# Need help. Fascinate freezes at Galaxy S splash screen. CM7



## SasquatcHunter (Aug 15, 2011)

I was running Glitch kernel with CM7 nightly 35 with no problems. I flashed build 57 using the kernel cleaning script and put glitch back on and wouldn't boot anymore. I tried nighly 54-56 with the same issue. I tried to go back to 35 with glitch and now it freezes no matter what kernel/nightly I use. I have also tried recovering my backup from right before I tried updating to build 57. Is it possible that my sd card is corrupt because there was a problem ejecting it after I downloaded some of the nightlies to it.
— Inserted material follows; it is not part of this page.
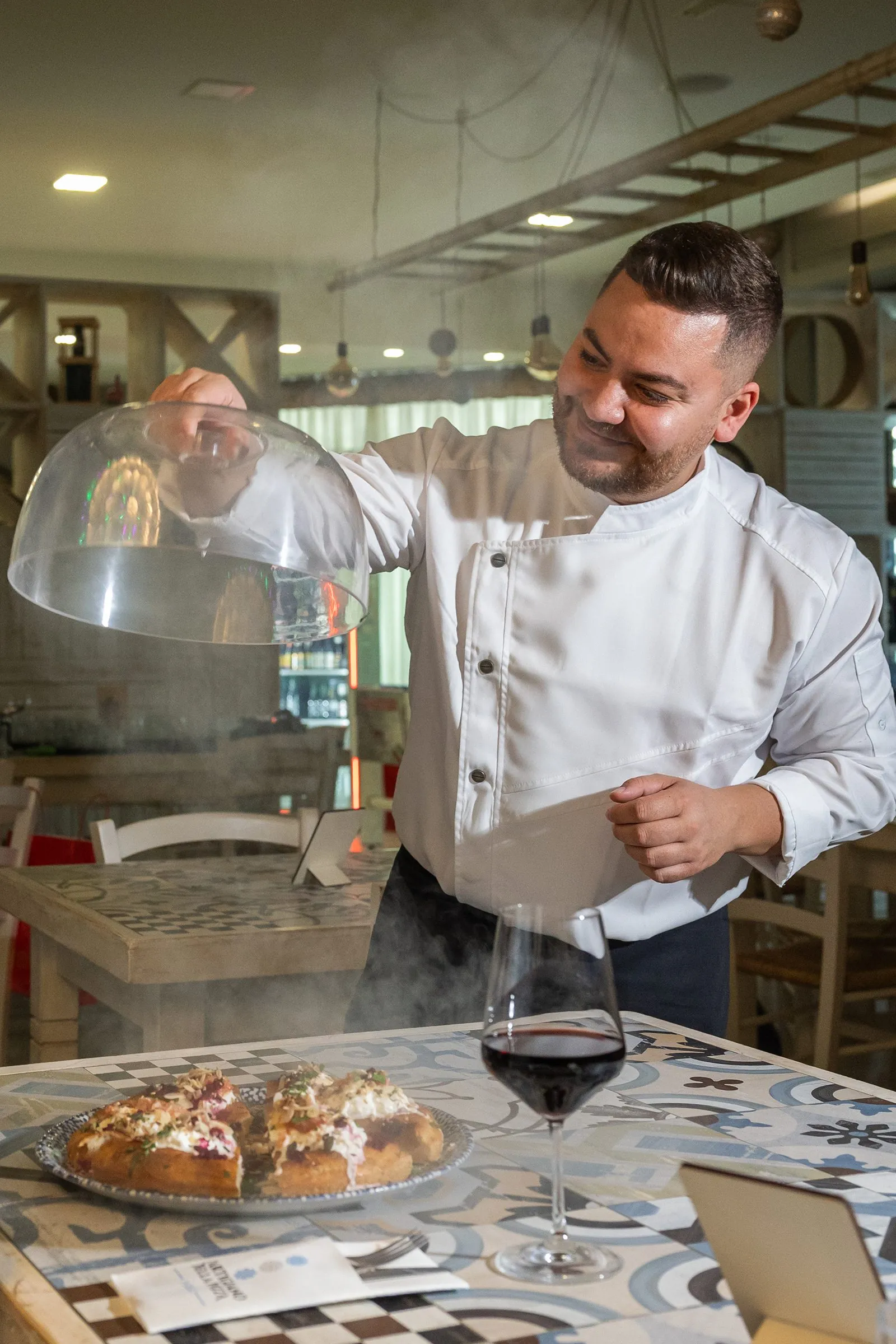 Matteo Toma solleva la cloche su una pizza in sala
What is recommended to fix this?


----------



## shag_on_e (Aug 1, 2011)

If you're trying to flash Glitch over the latest nightlies that's your problem. The Glitch devs are merging updates into it right now so it will be compatible again. You can't flash jt's 9/12 kernel over them either by the way.


----------



## SasquatcHunter (Aug 15, 2011)

shag_on_e said:


> If you're trying to flash Glitch over the latest nightlies that's your problem. The Glitch devs are merging updates into it right now so it will be compatible again. You can't flash jt's 9/12 kernel over them either by the way.


Would it cause a permanent problem though? It didn't at first and now it doesn't matter what nightly I use (leaving the kernel unchanged), it still freezes at the splash screen.


----------



## SasquatcHunter (Aug 15, 2011)

I managed to finally hunt down links to get it back to stock and I am back up and running. Just need to root etc..


----------